All of the data is to be copied without a single change.

** GIVEN INFORMATION **
=== Begin Enclosure ===
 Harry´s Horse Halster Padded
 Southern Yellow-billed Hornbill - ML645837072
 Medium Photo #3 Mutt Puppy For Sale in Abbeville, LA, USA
=== End Enclosure ===
** OUTPUT FOR THIS EXERCISE **
 Harry´s Horse Halster Padded
 Southern Yellow-billed Hornbill - ML645837072
 Medium Photo #3 Mutt Puppy For Sale in Abbeville, LA, USA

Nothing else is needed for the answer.